Social Research Center is a public legal entity that located in the Capital of Azerbaijan, Baku. The initial charter fund of the Center is 100.000 (one hundred thousand) AZN.

History 
The Center has been established according to the presidential decree signed on February 8, 2019. By the Decree of the President of the Republic of Azerbaijan dated February 11, 2019, Zahid Oruj has been appointed as the Chairman of the Management Board of Social Research Center.

Aims and activities 
The purpose of the Center is to provide the implementation of social research.

The center has the following activities mentioned below.

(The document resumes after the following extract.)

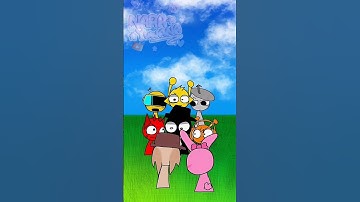 If all Sprunki are cured 2 #sprunki #shorts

 Dealing with social research, analysis and forecasting in the Republic of Azerbaijan, as well as participating in the formulation and implementation of policy related to learning public opinion, 
 Analyzing the dynamics and tendencies of the development of mutual relations between the state and society, conducting surveys through the use of modern information technologies and innovative methods, studying public opinion, analyzing and making related propositions, carrying out scientific researches and cooperating with the relevant state bodies in this field.
 Enhancing and improving community-state contacts by the help of multifaceted activities in social platforms, modern information and communication technologies, as well as Internet information resources.
 Carry out social studies to improve the management process, to increase the effectiveness of the implemented reforms, as well as the possible impacts of the decisions and actions taken;
 Holding public hearings, debates on various issues of public interest, cooperating with civil society institutions in this area, setting up and managing broad discussion platforms.

Duties of the Center 
The Center has the following rights to carry out its duties:

 Making proposals on the adoption of a draft normative legal act relating to its activities, changes in the act, interpretation, suspension or cancellation of the act;
 Cooperating with international organizations, relevant state bodies (agencies) and other organizations of foreign countries in order to learn the possibilities of applying international experience, and also learn the relevant experience of foreign states;
 Providing paid services to state bodies (agencies), local self-governing bodies, legal entities and natural persons;
 Conducting research on issues related to its activities and creating relevant bodies and committees for the same reason;
 Making proposals for the implementation of innovations in the provision of services in the relevant field, to participate in their implementation, and cooperating with relevant governmental bodies (institutions), civil society institutions, legal entities, educational institutions, scientific institutions and organizations, international organizations in this area;
 Providing the necessary information (documents) to state bodies (bodies), local self-government bodies, legal entities and individuals and receive similar information (documents) from them;
 Making comments and suggestions on its activities, analyzing and summarizing related to its works, and preparing analytic materials;
 Involving independent experts and specialists in its activities in the manner prescribed by law;
 Holding conferences, meetings, seminars and other events related to its activities;
 Giving awards and other prizes to the employees and taking measures to encourage them;
 Establishing or participating in economic associations related to their activities;
 Releasing special bulletins and other publications;
 Carry out other rights defined by the Charter of the Center.